Reckitt poised for ‘good finish to the year’
Analysts at JPMorgan Cazenove have raised their price target for Reckitt Benckiser (RB.L) shares, from 3,500p to 4,300p, in expectation of ‘a good finish to the year driven by Health’.
The consumer goods firm, which produces brands such as Nurofen and Gaviscon, ‘should deliver a pleasing acceleration in top line in Q412 to 6%, leading to 5% LFL for the year beating its guidance of 3-4%,’ said the analysts, who rate the shares as ‘neutral’.
After a 29% share price rise in 2012, ‘the stock appears fairly valued, in line with peers, though top line beat in Q4 & Q1 could prove supportive,’ they say. Reckitt Benckiser shares moved 1% higher on Monday to £42.38.
‘Little upside’ for Rolls-Royce
Investors in Rolls-Royce (RR.L) shares can expect ‘little further upside’, say analysts at Societe Generale in a review of the aerospace and defence sector.
‘We maintain a Sell on Rolls-Royce where we see little further upside from current levels given a rich valuation and the uncertainty created by the SFO bribery investigation,’ they say.
Cobham is also now a ‘sell’ for the French bank, downgraded from a ‘hold’.
French firm Safran and pan-European aerospace and defence company EADS however are both buys, Societe Generale say.
Rolls Royce shares dropped on Monday, ending the day down 0.2% to 944p.

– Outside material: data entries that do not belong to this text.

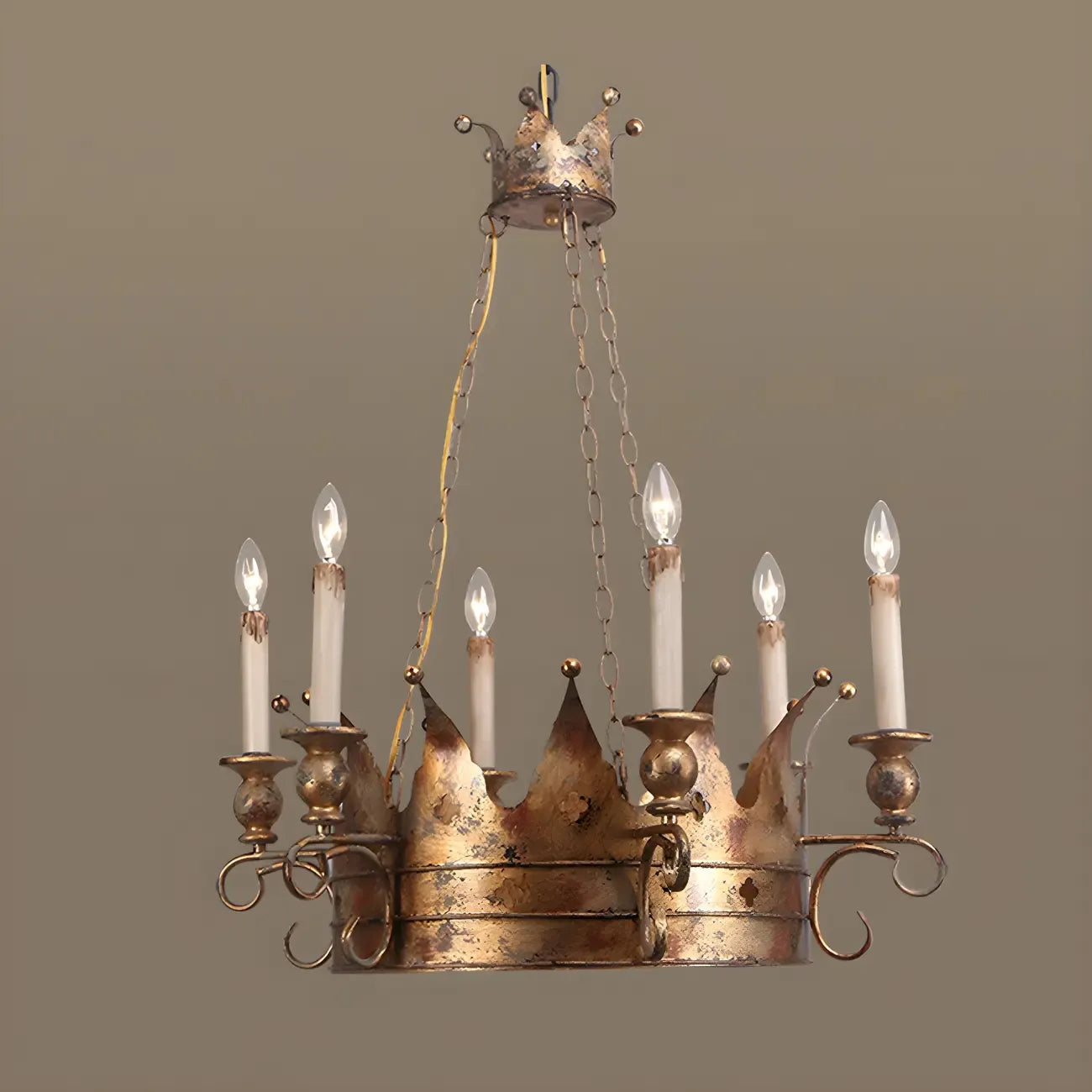 Lustre royal en fer forgé à couronne dorée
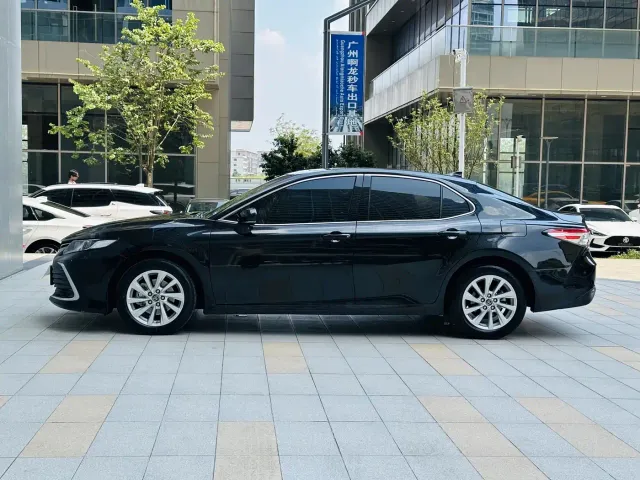 Toyota Camry — Фото автомобиля 4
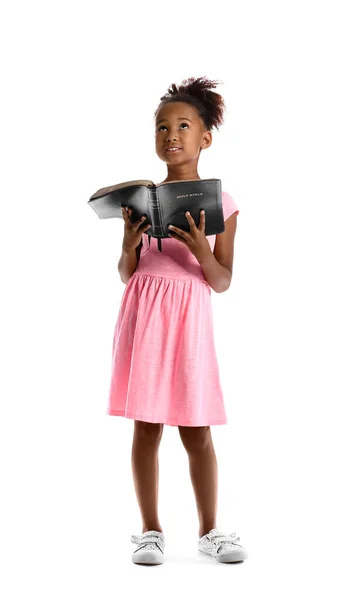 Маленька Афро Американська Дівчинка Святою Біблією Білому Тлі — стокове фото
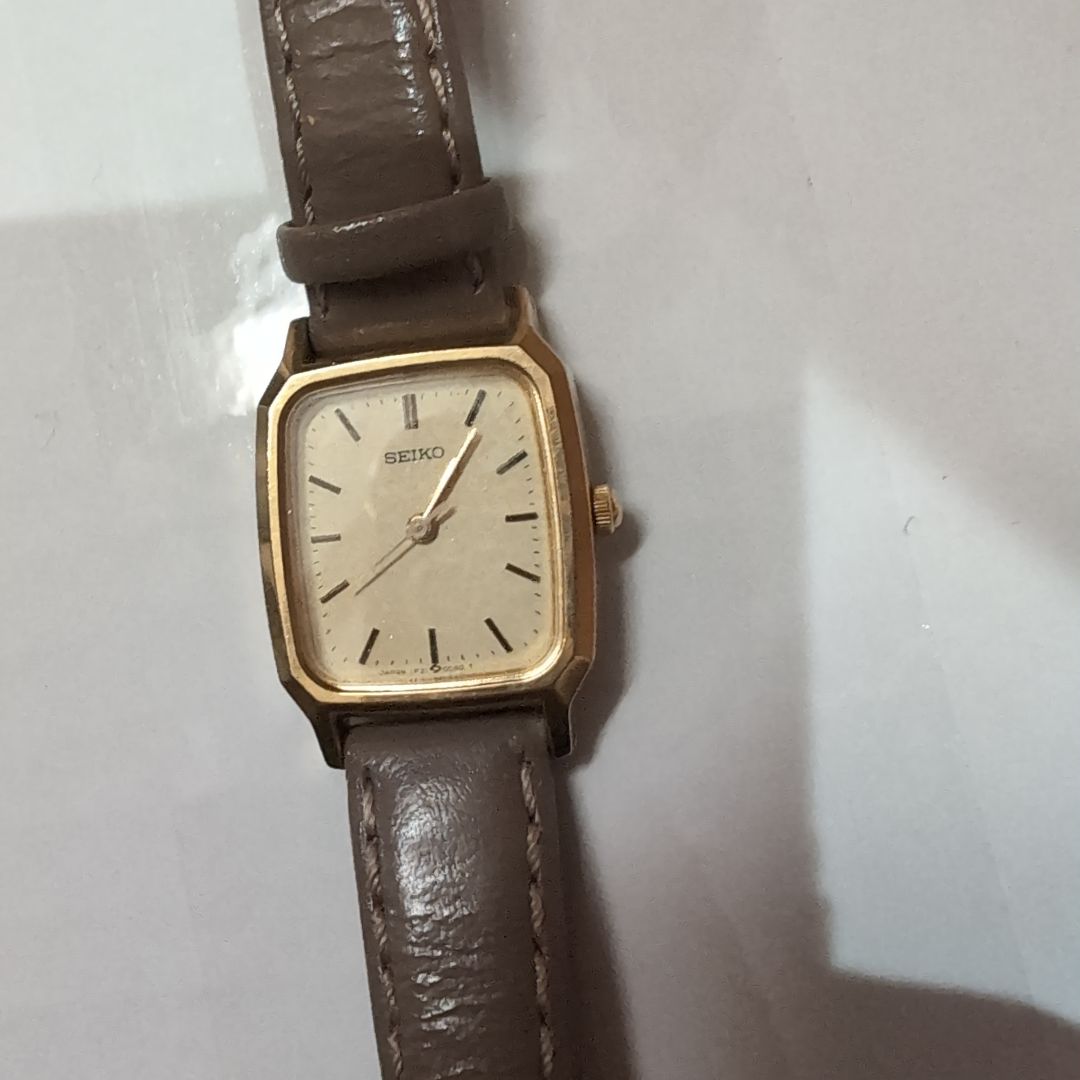 Seiko 1F21-5A70 Analog Quartz Women
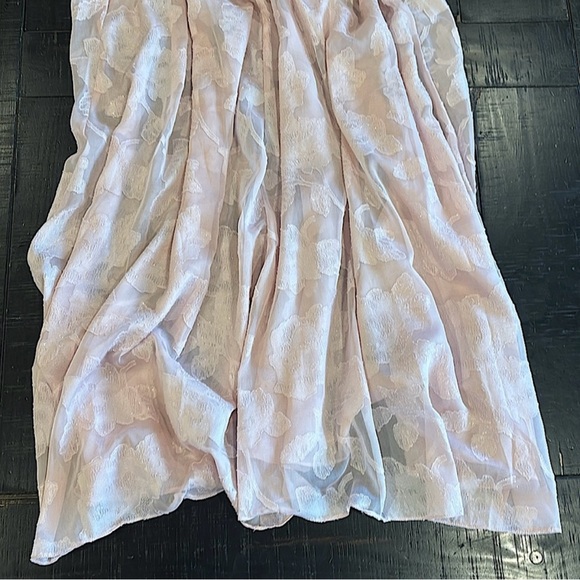 House of CB Seren Blush Floral Dress - Picture 7 of 9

Merchant Securities downgrades AVEVA Group to 'sell'
Merchant Securities analyst Roger Phillips has downgraded engineering software business AVEVA Group (AVV.L) from 'hold' to 'sell', saying the lack of detail about expectations for the year in the latest trading update is a bad sign.
'At first glance, AVEVA’s Q3 interim management statement (IMS) reads ordinarily and relatively positively overall, but it is noticeable that the IMS does not contain any guidance on the outcome for the full year,' he said.
'This is the first time that this language has not been included in an AVEVA Q3 IMS, or alternatively a comment that the board anticipates meeting expectations for the full year.'
The shares are starting to look overstretched, he added, and he expects them to fall once consensus estimates for the full year are trimmed.
Shares in the group closed at £21.91 on Monday, down 41p or 1.8%.
Seymour Pierce downgrades Sthree to 'sell'
Recruitment business SThree (STHR.L) faces an uncertain future, Seymour Pierce analyst Kevin Lapwood has warned, spurring him to downgrade the shares from 'hold' to 'sell'.
Over 2012 net income improved 5% to £205.3 million, hitting expectations. However, over the last quarter of the year net fee income growth of 2% represented a downward trend, which has Lapwood worried.
'We remain cautious over the outlook: the permanent deal pipeline at the period end was 4% down year on year (permanent accounts for 50% of the business),' he said.
The shares trade on a prospective price-to-earnings ratio of 21.7x Lapwood's 2013 earnings estimate: a premium to the sector average of 17.2x.
Shares in the group closed at 344p on Monday, down 0.8p or 0.2%.